The world's largest miner said underlying profits for the 12 months to 30 June were $13.7bn, up 1.8% on last year and well ahead of the $13.49bn projected by analysts.
However, attributable profit slumped 39% to $7.9bn, held back by a $5.8bn exceptional loss comprising a $2.7bn impairment of Western Australia Nickel and a $3.8bn charge related to the Samarco dam failure in 2015, which caused a giant mudslide that killed 19 people.
Revenues were up 3% on last year at $55.7bn, mainly due to higher prices of iron ore and copper, where sales volumes also increased 3% and 5% respectively. This was partially offset by lower energy coal and nickel prices, and lower steelmaking coal volumes after the disposal of its Blackwater and Daunia mines in April.
Net operating cash flow increased by 11% to $20.7bn, while net debt reduced to $9.1bn from $11.2bn a year earlier.

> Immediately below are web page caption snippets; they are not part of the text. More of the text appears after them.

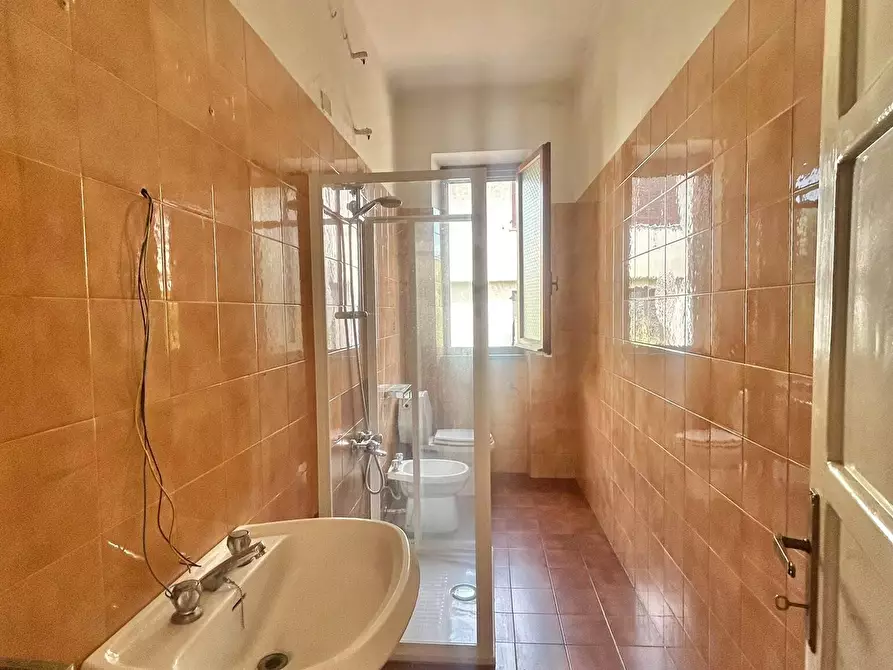 Immagine 17 di Casa bifamiliare in vendita  a Sarzana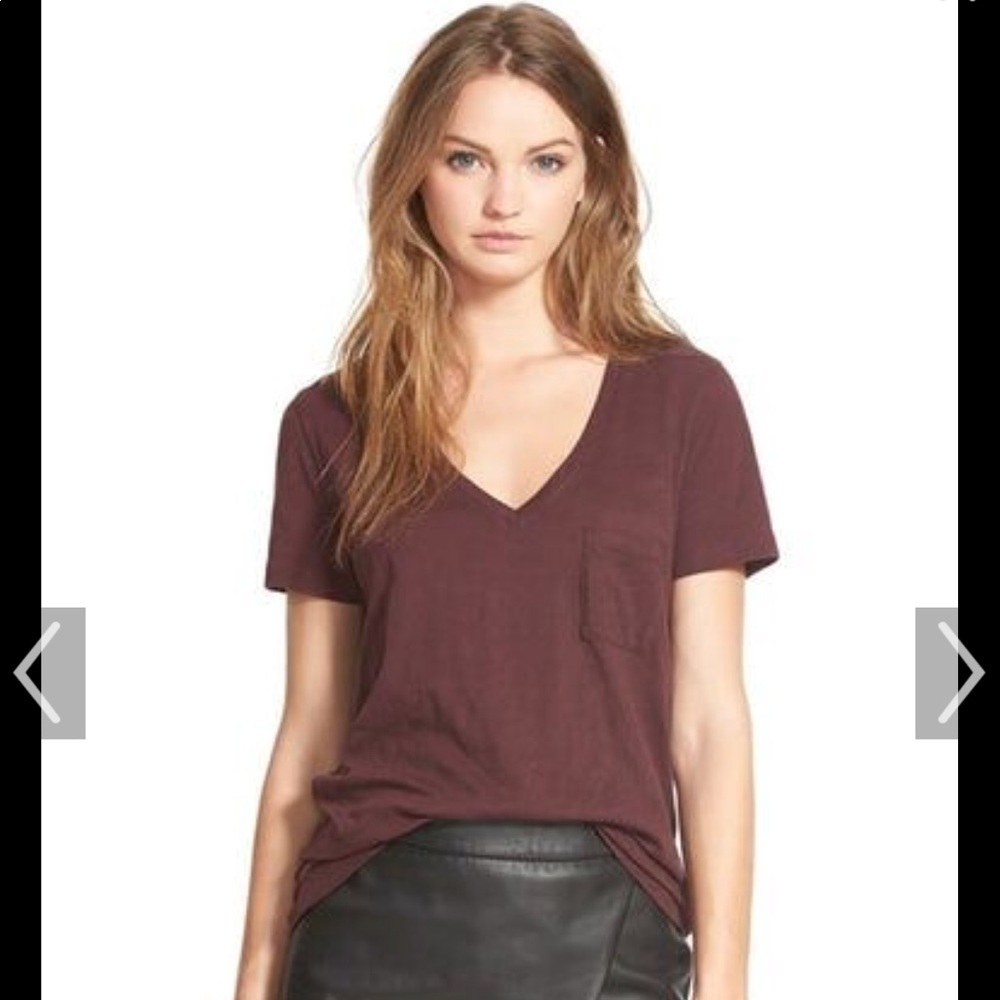 Madewell v neck pocket tee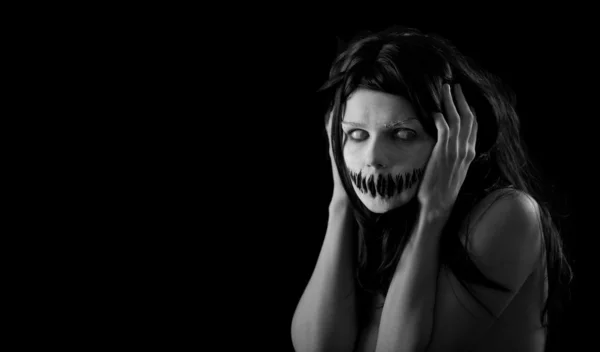 Halloween fille avec effrayante bouche — Photo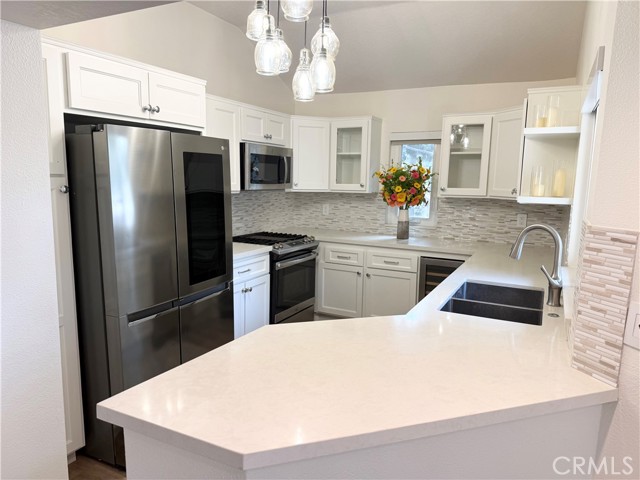 Detail Gallery Image 7 of 19 For 24 Corsica, Newport Beach,  CA 92660 - 2 Beds | 2 Baths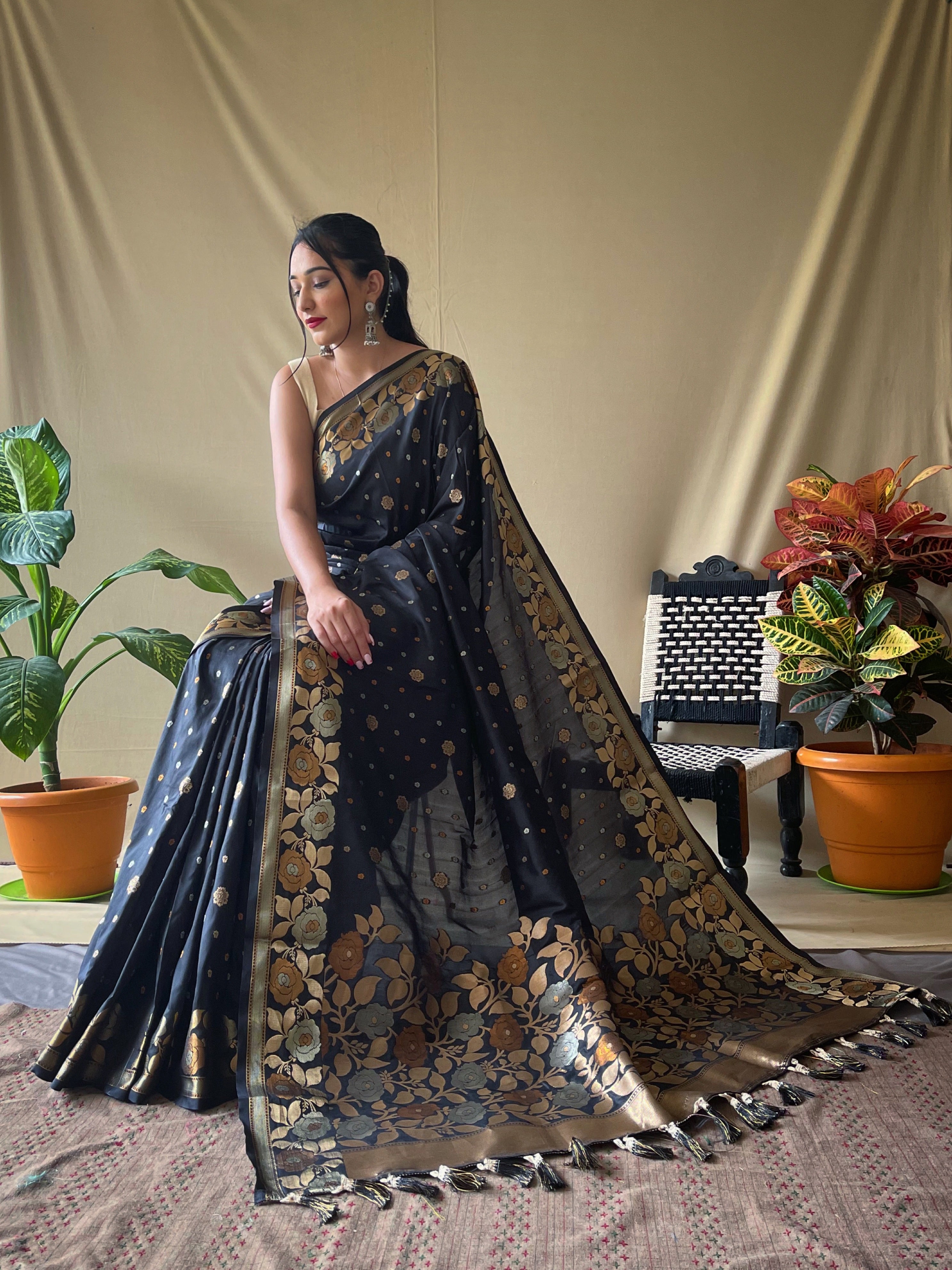 Black Floral Woven Banarasi Silk Saree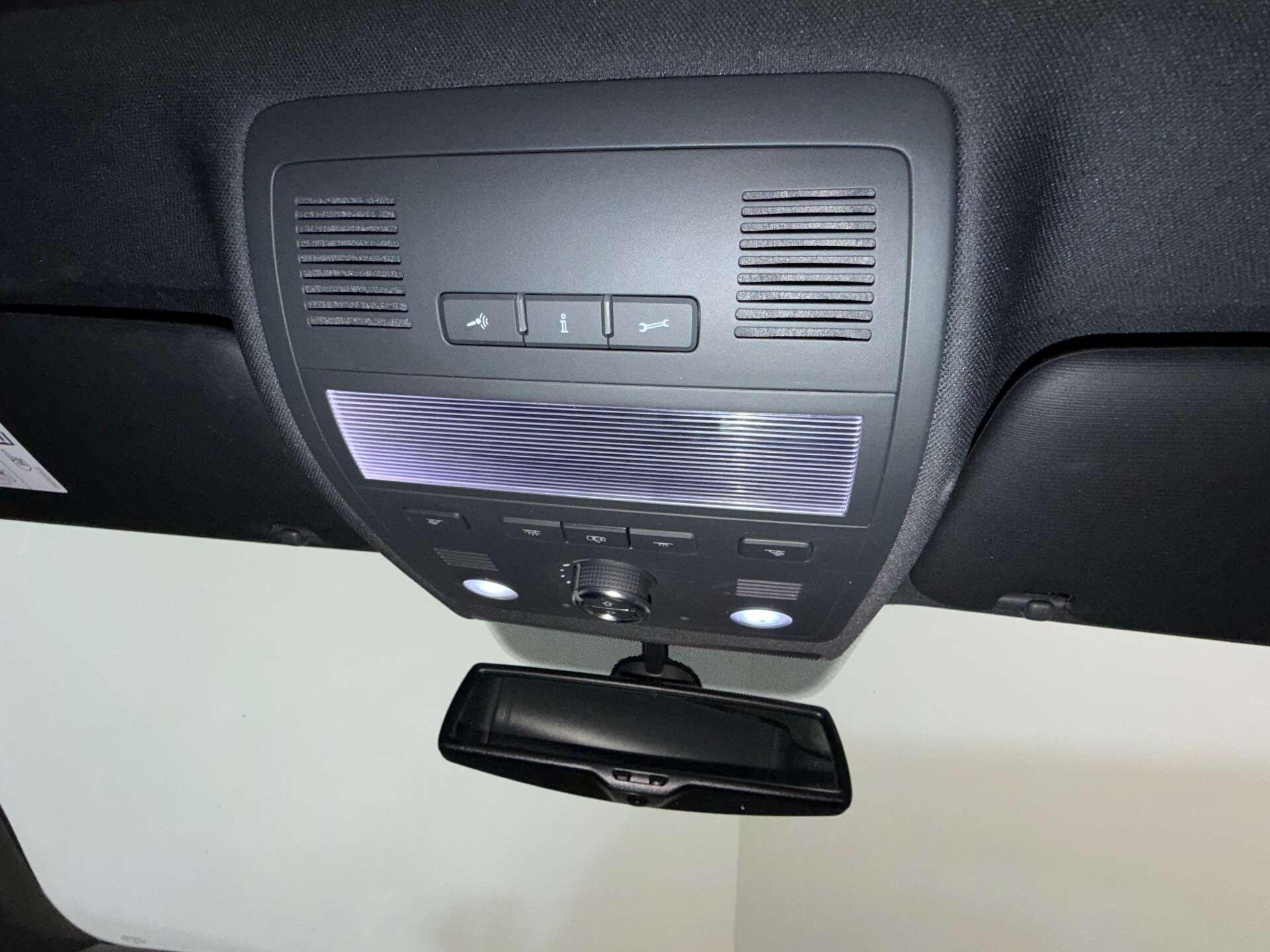 Volkswagen Touareg view 53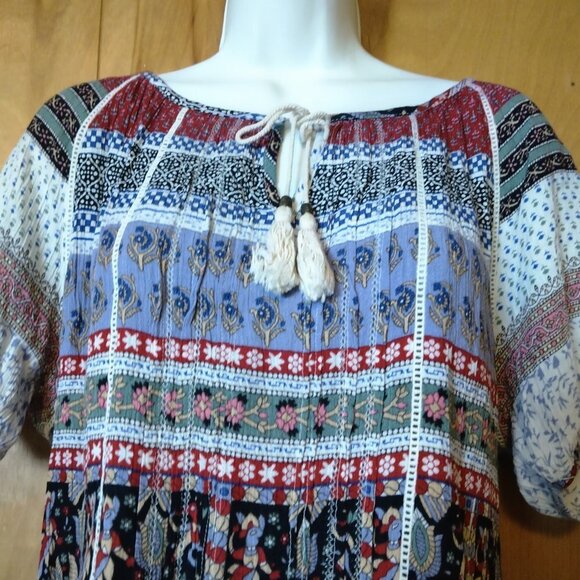Forever 21 Women's Small Short Sleeve Boho Peasant Pullover Blouse With Tassels - Picture 2 of 5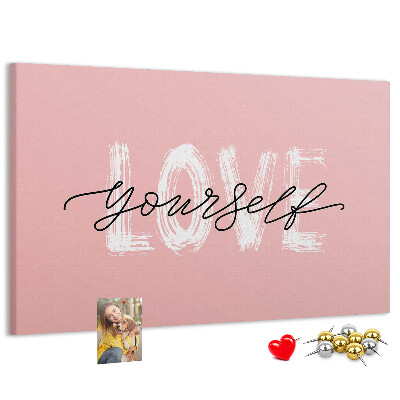 Tablero de corcho decorado Amor propio sobre un fondo rosa
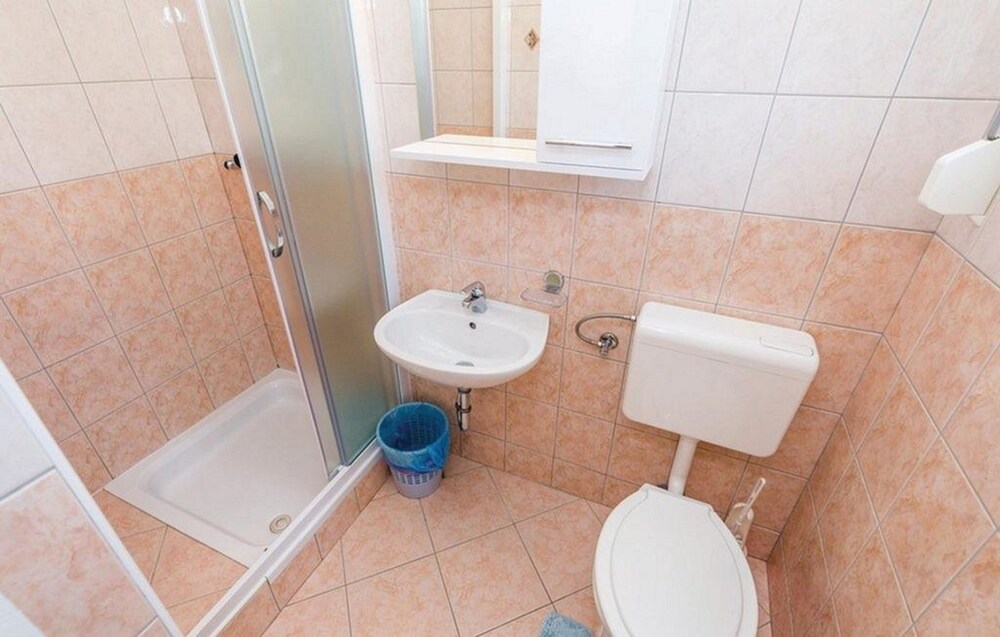 Air Conditioned Cozy Apartment Balconies In The Heart Of Rab - 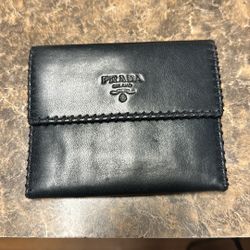 Prada Wallet Good Condition 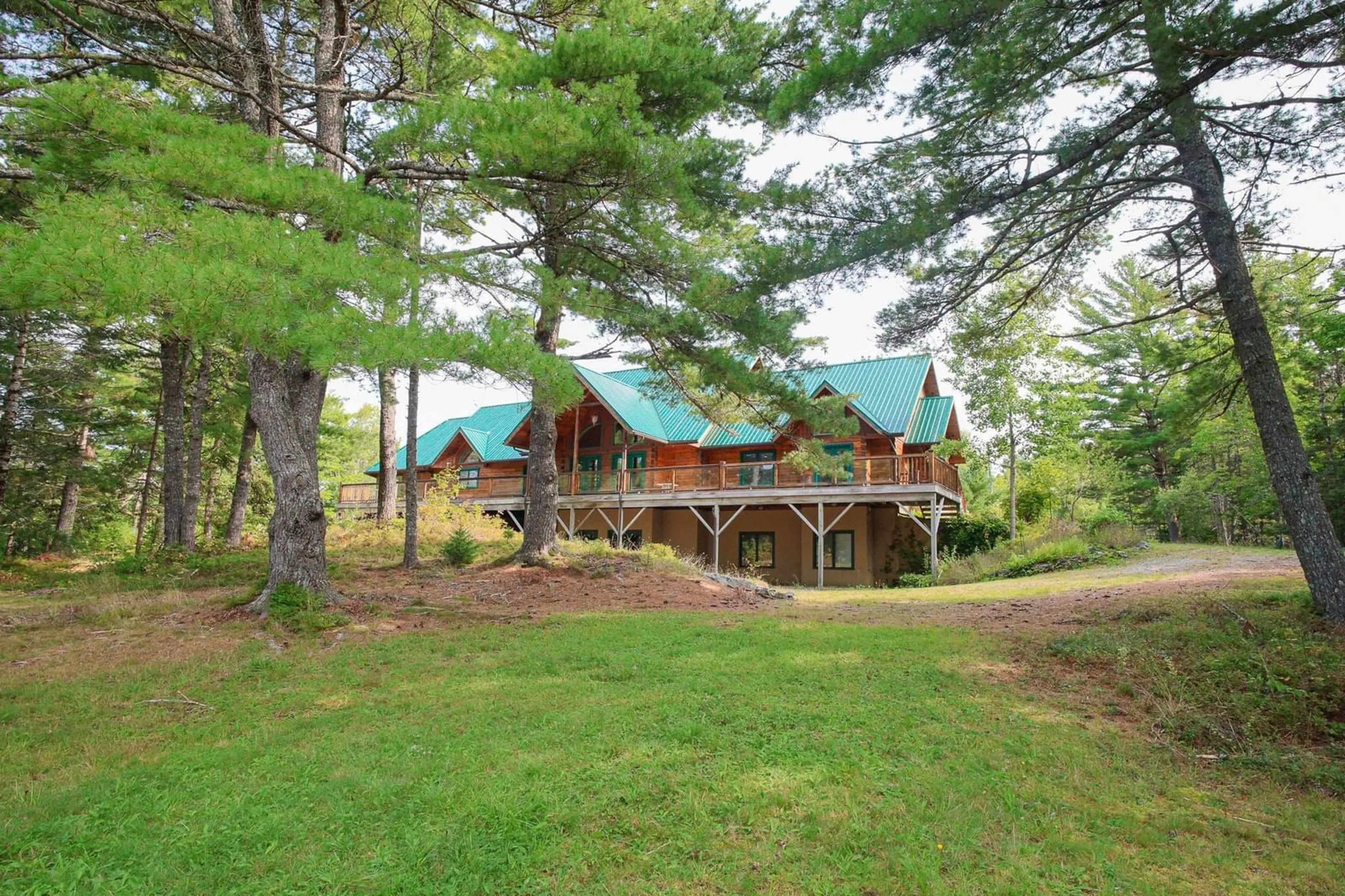 A pic from outside/outdoor area/front of a property/back of a property/a pic from drone, unknown for 1591 Newburne Rd, Newburne Nova Scotia B0R 1A0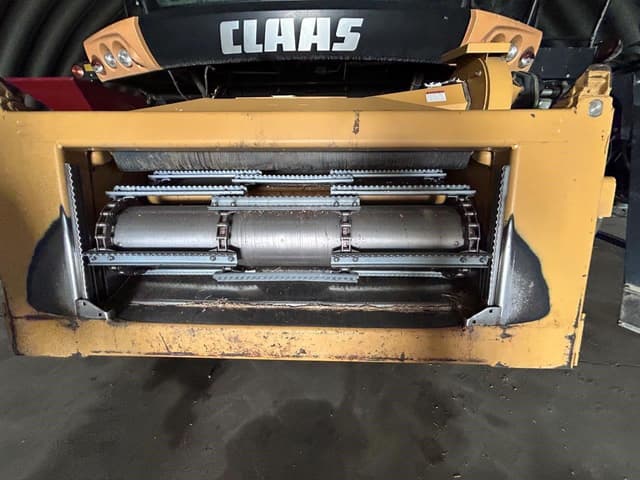 Image of CLAAS LEXION 750 equipment image 2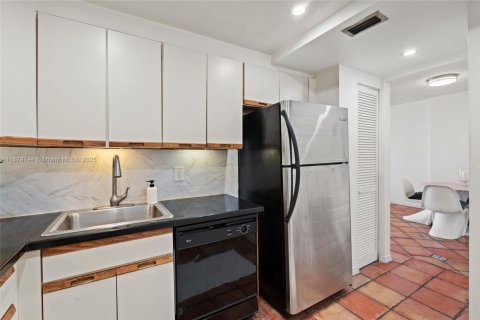 Studio in the Condo in Miami Beach, Florida  № 1922307 - photo 20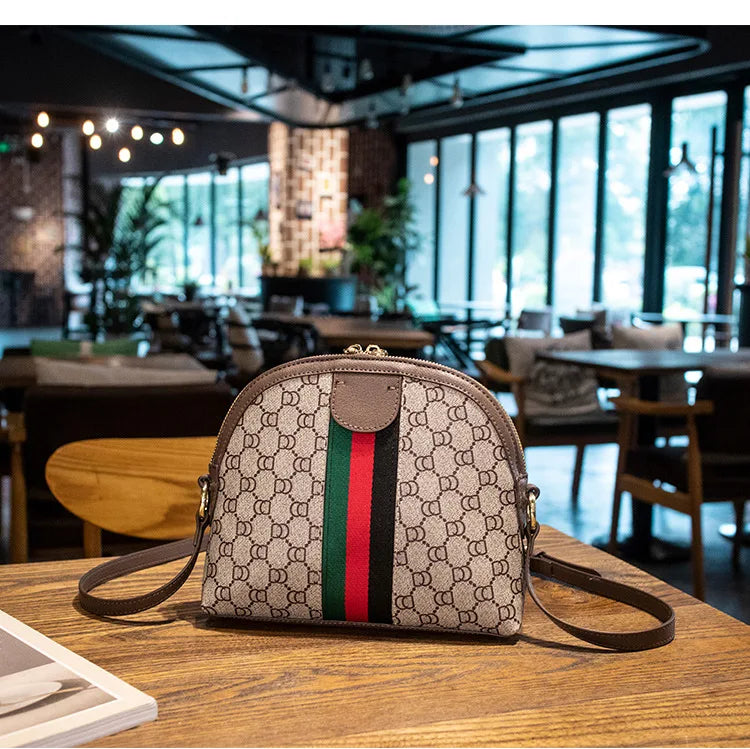 Retro Mini Shell Crossbody Bag – Urban Minimalist PVC Shoulder Bag for Women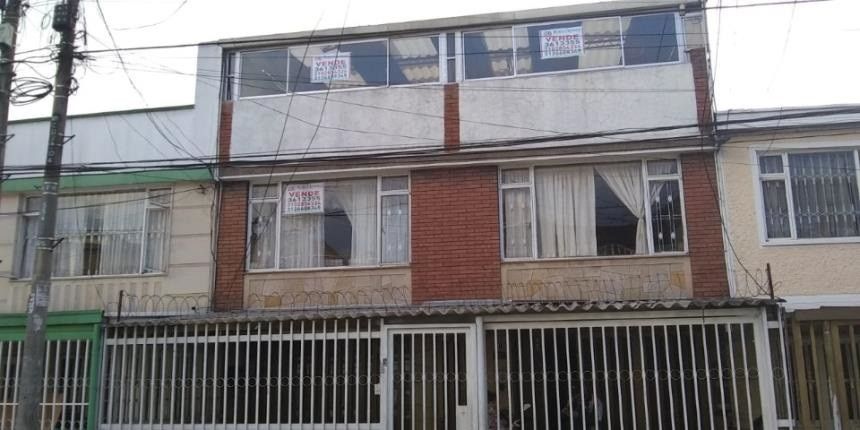 Casa en venta Cundinamarca Bogotá Santa Isabel Sur 436 m2 Habitaciones 6 Baños 4 Garajes 1 Precio $695000000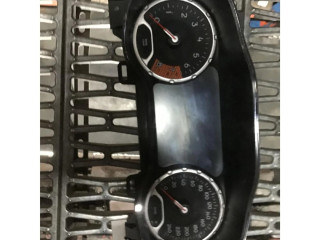 Панель приборов    Jeep Renegade       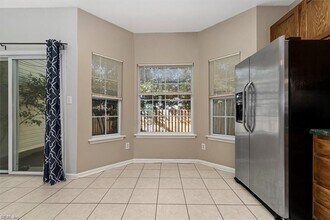 4975 Kemps Lake Dr in Virginia Beach, VA - Building Photo - Building Photo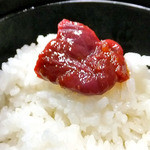 堀商店 - ご飯に馬刺をのせて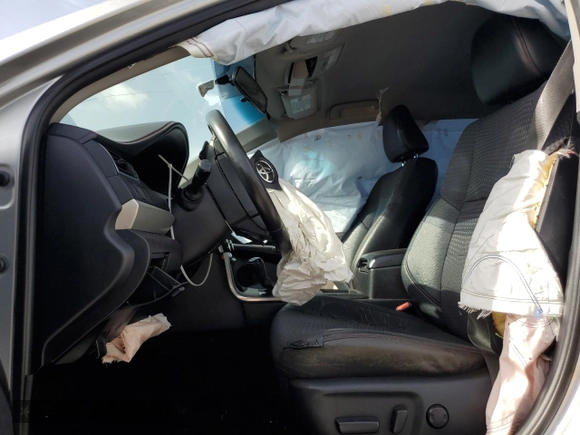 2015 Toyota Camry XLE с VIN 4T1BF1FK1FU897705, выставлен на аукционе Copart как лот 59878385 с пробегом 129 152 миль миль и Списание • Salvage title. История ставок и продаж доступна на DreamBid. Изображение 7.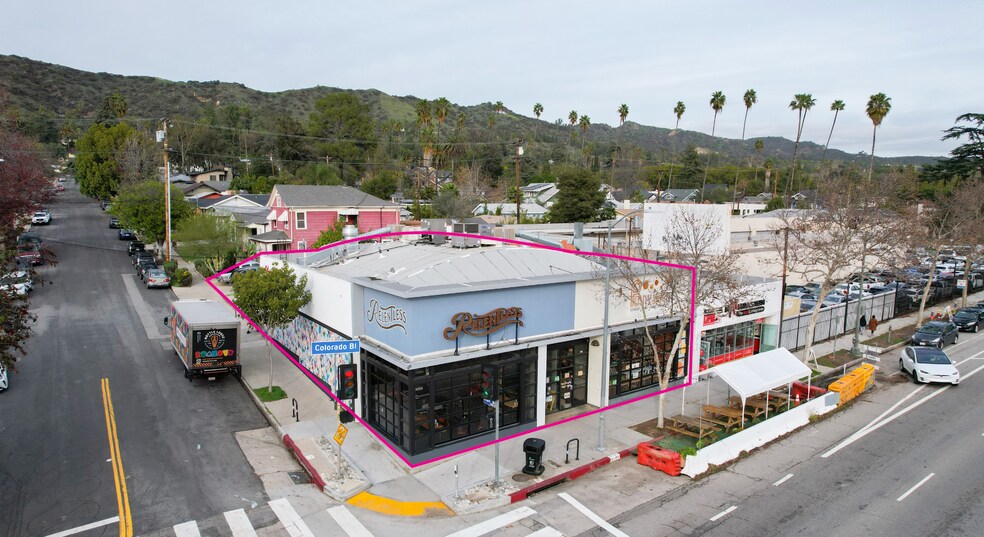 2129-2133 Colorado Blvd, Eagle Rock, CA à vendre - Photo de l’immeuble – Image 1 sur 12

The company announced a final dividend of 74 cents a share, equivalent to a 53% payout ratio, bringing the total dividend for the year to $1.46.
Looking ahead, BHP said major economies are expected to diverge in their growth outlooks, with developed economies starting to face "less of a drag" from higher interest rates.
For China in particular, the company reiterated its long-term view that the economic transition could accelerate its demand shift increasingly towards "future-facing commodities".
However the recovery in China's end-use sector still remains mixed. "The Chinese economy has been volatile since CY23, with a steady recovery in a range of sectors important to copper demand, for example power infrastructure, transport and consumer durable goods. Weakness however continued in the steel-intensive real estate sector."